Excellent article that summarizes the global gas market which is likely to see a production glut and low prices for the foreseeable future, especially so with Qatar's decision to lift the production moratorium on the world's biggest natural gas field, the North Field.
Four countries are vying to be the world’s biggest exporter: Qatar, the current leader, with 78 million tons per year capacity (10.3 billion cubic feet of gas per day), is likely to be overtaken by Australia this year. The U.S., awash with cheap shale gas, is building five projects totaling 74 million tons per year, and expansions could boost this further. On Thursday, Russian President Vladimir Putin said his country would become the top exporter, though that seems a distant aspiration... New supplies are also set to come from big fields off Mozambique and Tanzania. Gas is easy to find around the world; the tough part is getting it to market at a competitive price.

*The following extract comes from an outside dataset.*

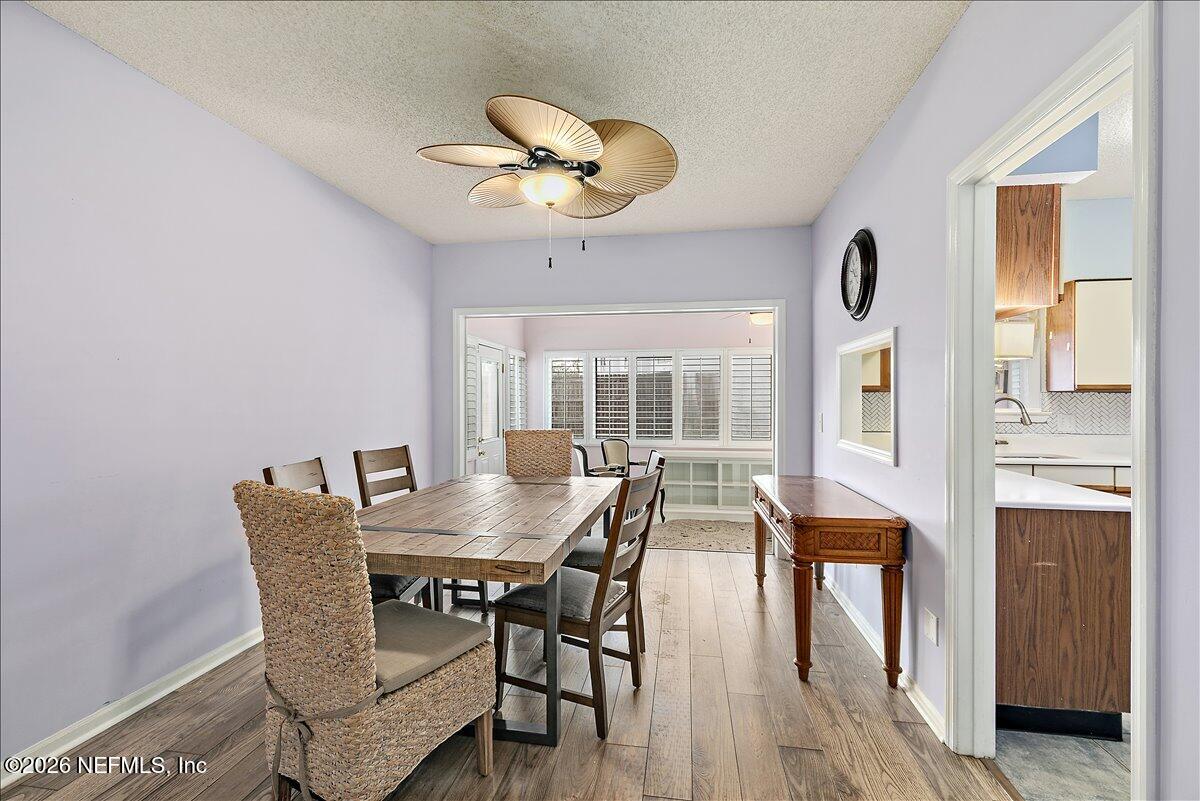 2105 WOOD HILL Drive 2105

All these aspirants now realize the giant of the LNG world is back in the game. With its prolific reservoir, existing infrastructure and large scale, new Qatari LNG should again be the world’s cheapest to produce. Developing more at home will be lower-cost and less risky than searching for gas in Morocco and Cyprus, which QP recently entered. Qatargas may even be able to inexpensively de-bottleneck existing "trains" (LNG-producing units), rather than having to construct new ones at a cost of some $14 billion. So, this move is partly about deterring new LNG projects, with the threat of new ultra-competitive Qatari gas arriving around 2022, just when many observers expect the market to be tightening again.
A few lessons for India
1. All this coupled with the construction of terminals on US Gulf Coast means that fragmentation and index pricing in global gas market is soon likely to be a thing of the past. India's gas companies should therefore be cautious about long-term external contracts with index pricing
2. In an environment of low gas prices, the Government of India would do well to forget chasing foreign companies for gas exploration in/off India.
3. Instead, this is an opportunity to lock-in long-term purchase contracts, especially leveraging the LNG infrastructure of Qatar that is likely to come on line.
4. More of the existing model for producing fertilisers - cheaper to produce fertiliser in Qatar and bring them here rather than bring gas here and then produce fertilisers here.
5. I am not sure about this, but the economics of some of our RLNG terminals/FSRUs under construction will come under strain if gas stays low for too long.